Whether enjoying the comforting waft of fresh baking from their kitchen, the simple shared pleasure of admiring the rose garden together, or even simply the joy of sitting absorbing their wise words of experience – our interaction and reliance on grandparents has perhaps traditionally been rooted in a recognition that the time spent bringing up their own children is then rewarded with a more leisurely role in family life as new generations emerge.

Today, however, on Grandparents’ Day, at CHILDREN 1ST we know that the once traditional role of the grandparent in many Scottish families is facing an evolution in response to children’s needs.

As one of Scotland’s leading children’s charities, we have witnessed a growth in the numbers of recognised grandparents becoming kinship carers – that is, people caring for a child who can no longer live with their parents.

Helping vulnerable children and young people thrive safely within their families is at the heart of what CHILDREN 1ST does, and as a result we were commissioned by the Scottish Government in March 2011 to develop and implement a national service to support kinship carers. A service which aims to improve children’s lives through helping the kinship carers who look after them.

Increasingly, we see evidence that grandparents make up the highest percentage group of such carers using our national kinship care helpline service, and as a result, they are a key influence on our campaigns as we push for greater representation for them and the children they’re bringing up. On average, year on year since 2011, we have seen around 100 more grandparents contacting us annually about kinship care.

Our helpline, run by ParentLine Scotland, is available to kinship carers 365 days a year and our interaction with and support for grandparents in this service proves to us that the informality of kinship care has positive outcomes for vulnerable children and young people.

Love and happiness are central to the kinship care family. Kinship care can provide children, who have often had a very difficult and damaging start to life, with loving, safe and secure families. The rewards for the grandparents we have surveyed who take on such roles range from knowledge that the children are safe, loved and thriving in a secure environment, to being part of the child’s development and quite simply, knowing and seeing that the child is happy. Every child deserves that.

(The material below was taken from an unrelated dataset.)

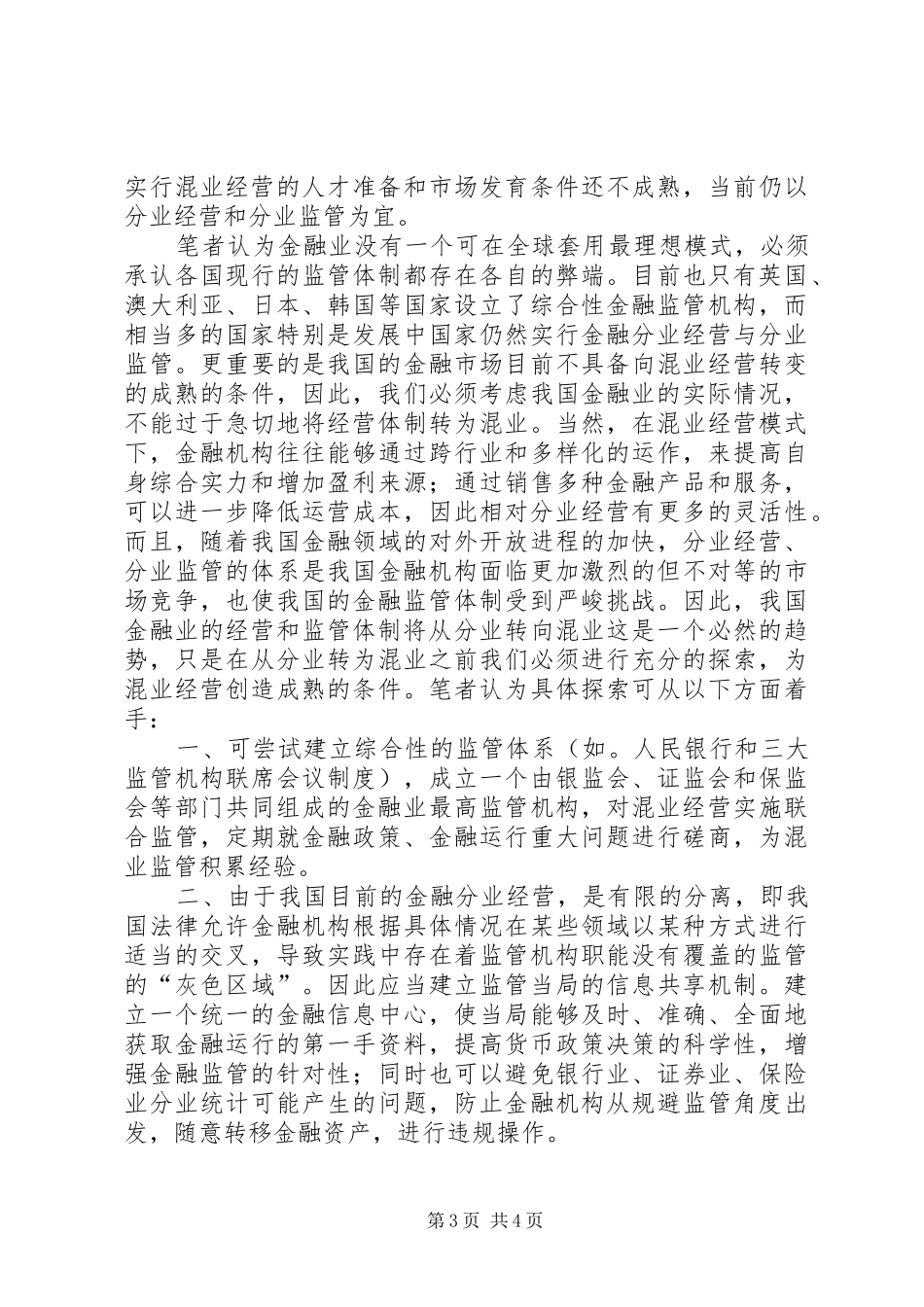 2024年针对我国金融监管体制的一点思考_第3页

The meeting of emotional needs is one thing. However, as any carer knows, it is so often the practical side of financing a child’s upbringing which can create the greatest difficulty – and all too often a sense of isolation. Many of the grandparent kinship carers we speak to voice deep concern at a lack of financial support such as free school meals or clothing grants. Our Parentline volunteers can help with details of support services and contacts. However, there is still a disparity in the help offered to kinship carers from local authorities across Scotland. Some have dedicated kinship care social workers, but this is not the case in all areas, while structures for any kind of financial support or allowances can vary significantly across respective council regions.

The welfare, security and happiness of any child or family in a kinship care relationship should not be a postcode lottery, particularly when we know from experience that such arrangements are generally stronger and last longer than other types of placements.

It is that gap in uniformity of support for these incredible carers – many increasingly grandparents – which CHILDREN 1ST strives to address through our National Kinship Care Service.

Grandparents truly are special members of the family, and none more so than those who have delayed the rose-smelling years that wee bit longer in order to give their experience, security and support to a child who needs looked after and loved.

There’s no simpler or more powerful gift than that of making a child safe and happy.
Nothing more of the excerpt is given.